Short text fragments from websites
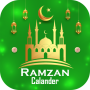icon Ramadan Calendar -Prayer Times (Calendario del Ramadan 2022 - Orari di preghiera
)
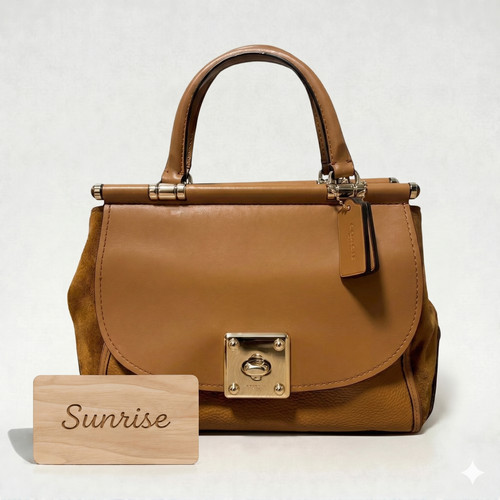 Borsa mano coach 38389 - mano,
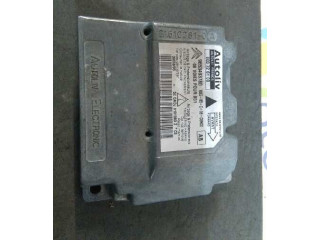 Блок подушек безопасности 9653493780   Citroen C4 I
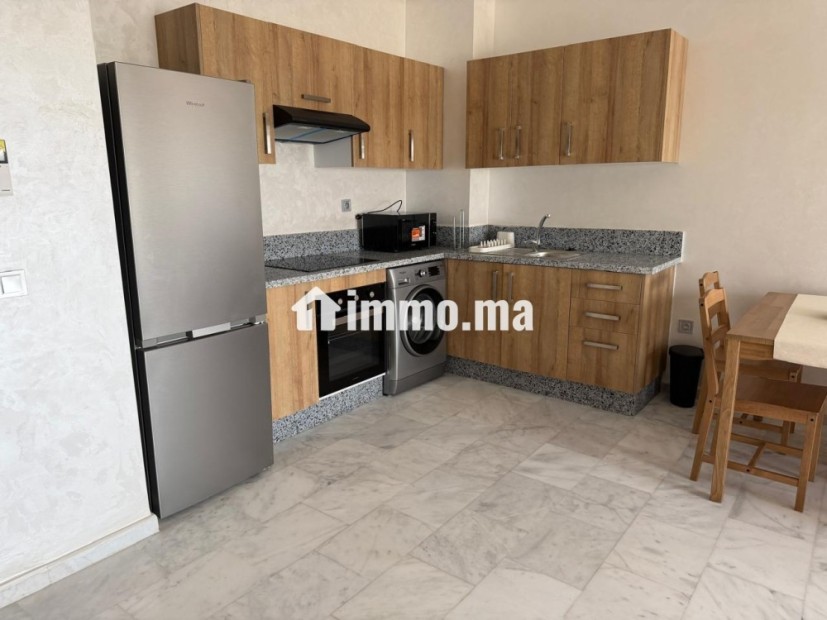 Location Studio meublé 49 m² - Location Immobilier - Casablanca - photo 4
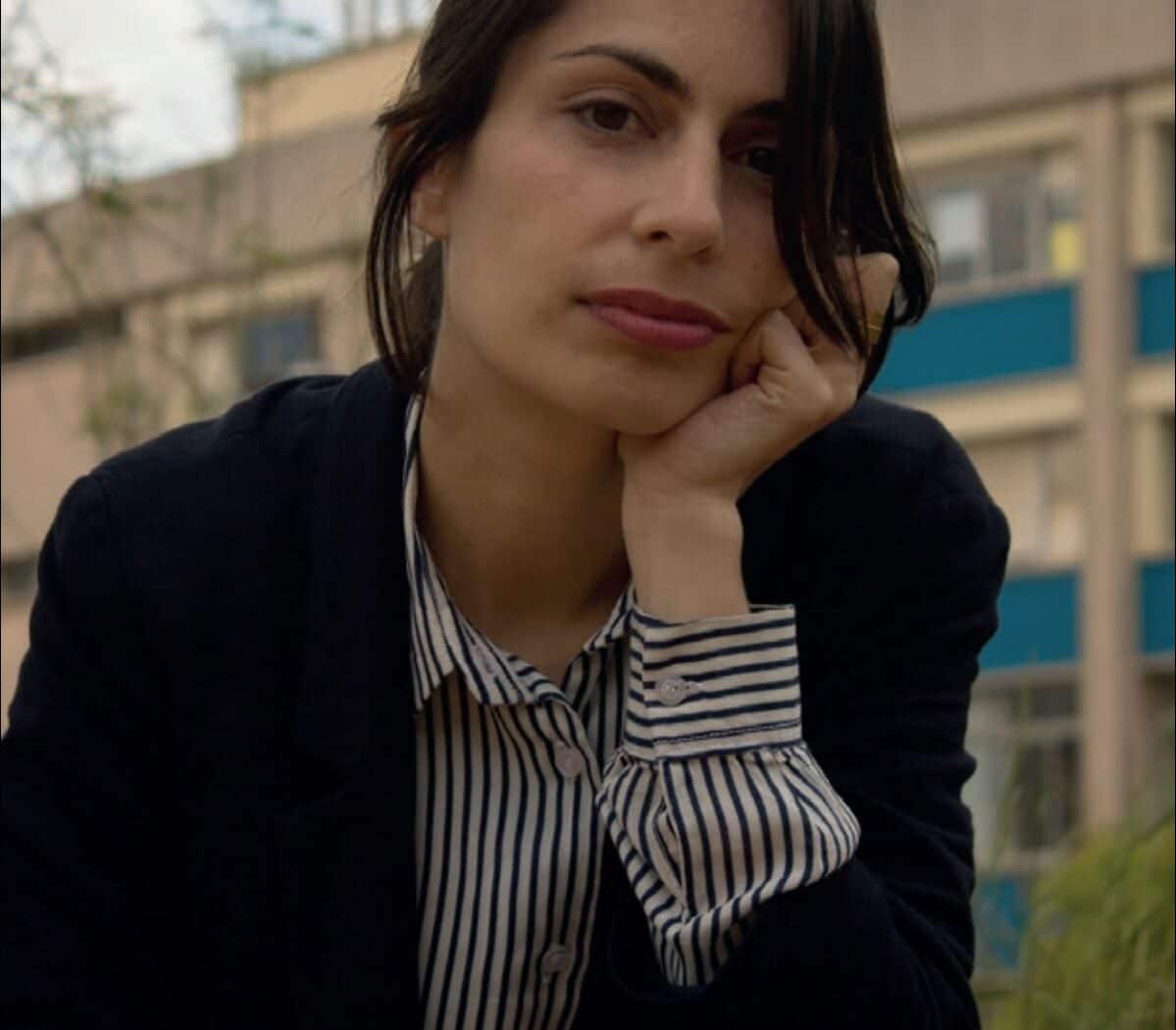 Celia Rico Clavellino, réalisatrice espagnole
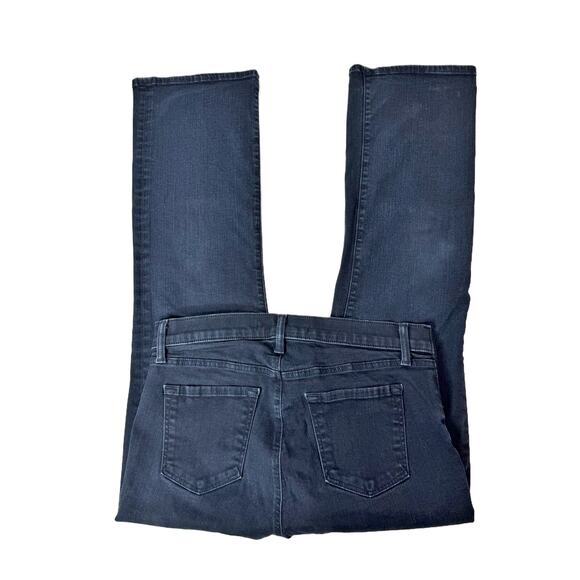 J Brand Selena Mama J Maternity Jeans size 27 Skinny Cropped Bootcut - Picture 10 of 16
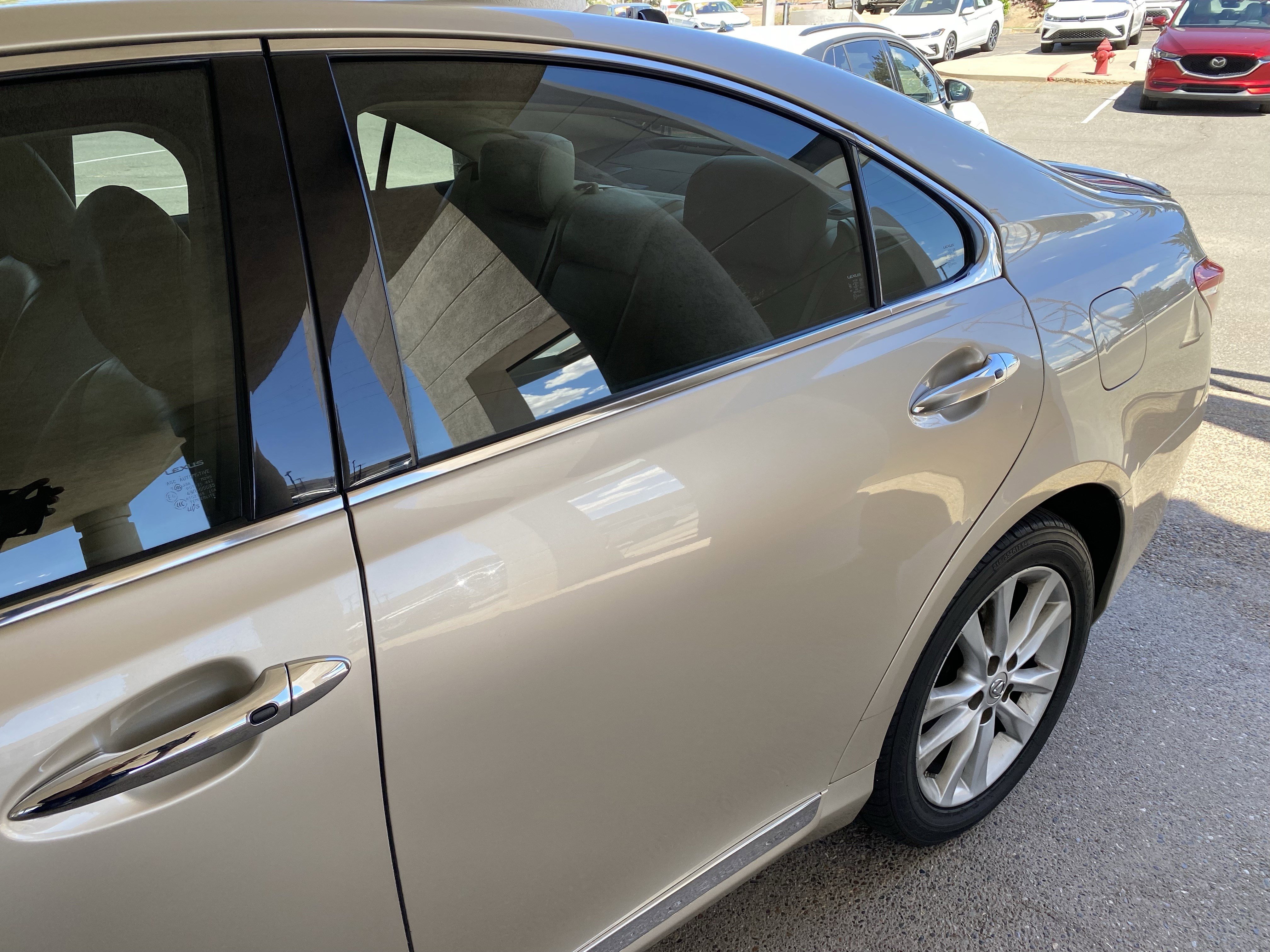 Used 2012 Lexus ES 350 image 48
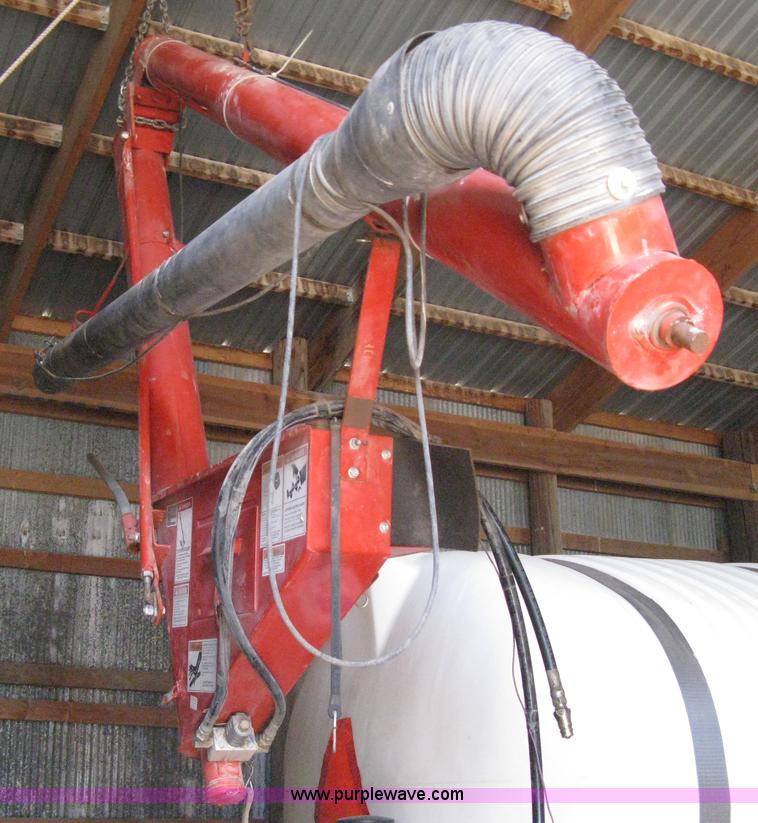 image for item D8466 Westfield tailgate auger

ABOUT THIS TASK:
Please retype the records above exactly, excluding every picture.

RESPONSE AREA:
icon Ramadan Calendar -Prayer Times (Calendario del Ramadan 2022 - Orari di preghiera
)
 Borsa mano coach 38389 - mano,
 Блок подушек безопасности 9653493780   Citroen C4 I
 Location Studio meublé 49 m² - Location Immobilier - Casablanca - photo 4
 Celia Rico Clavellino, réalisatrice espagnole
 J Brand Selena Mama J Maternity Jeans size 27 Skinny Cropped Bootcut - Picture 10 of 16
 Used 2012 Lexus ES 350 image 48
 image for item D8466 Westfield tailgate auger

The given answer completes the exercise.